The investigative arm of Congress has found that the Obama administration circumvented Congress in removing the work requirement from welfare reform.
The findings from the Government Accountability Office were trumpeted by members of the House Ways and Means Committee, who are upset with the removal of the work requirement (see earlier story). The findings echo those reached by The Heritage Foundation, which started issuing materials on this matter in July.
Heritage research associate Rachel Sheffield shares the information discovered by her organization.
"The Obama administration on July 12th issued these waivers to the work requirement, part of the TANF [Temporary Assistance for Needy Families] law, and essentially by doing so was sidestepping the law, sidestepping the Congress and promoting their own policies, which are gutting the successful welfare reforms of 1996," she details.
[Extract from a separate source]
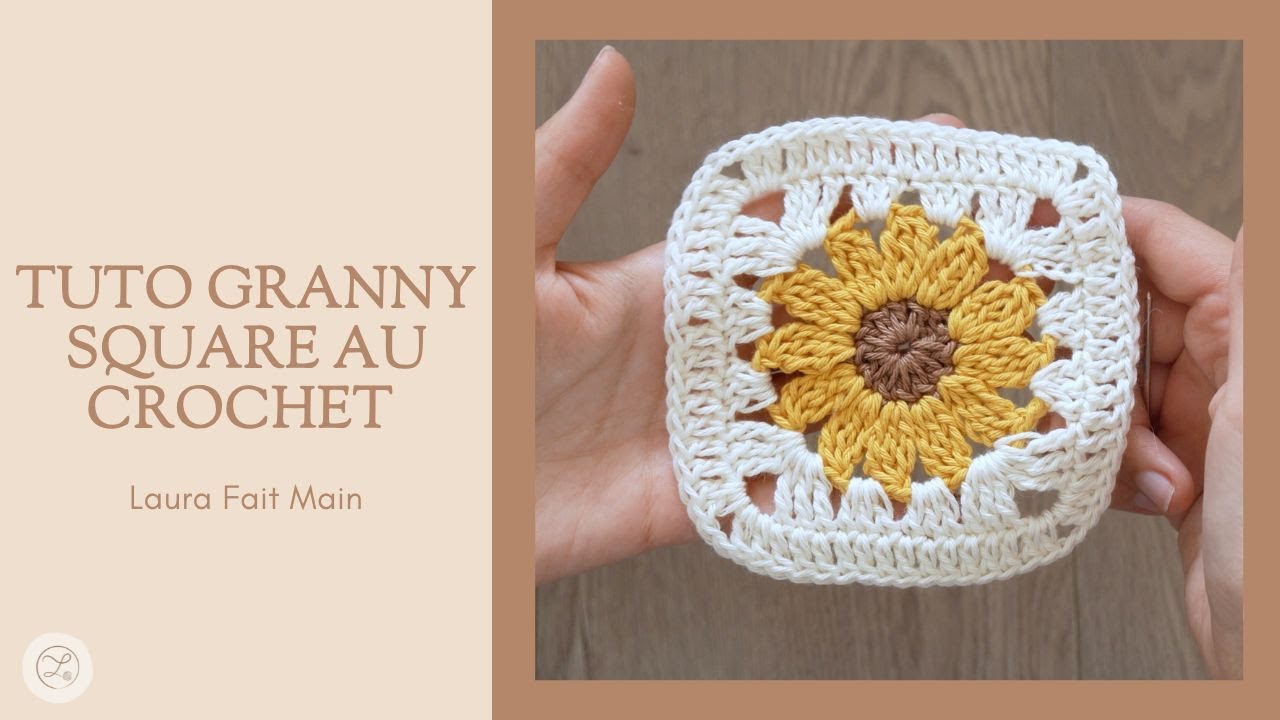 TUTO GRANNY SQUARE TOURNESOL AU CROCHET - DÉBUTANTS 🌻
Sheffield offers a few examples of these successes.
"After welfare reform was passed in 1996, we saw the welfare rolls drop by 50 percent within just five years," she notes. "We also saw the poverty rate decline. The child poverty rate plummeted, particularly the poverty rate for African-American children, which declined to its lowest level in U.S. history."
Critics of the work requirement removal have also pointed out that President Obama said he was in favor of the work requirement during his 2008 campaign for the White House. A video of those remarks began making its way around the Internet following the administration's recent changes to welfare reform.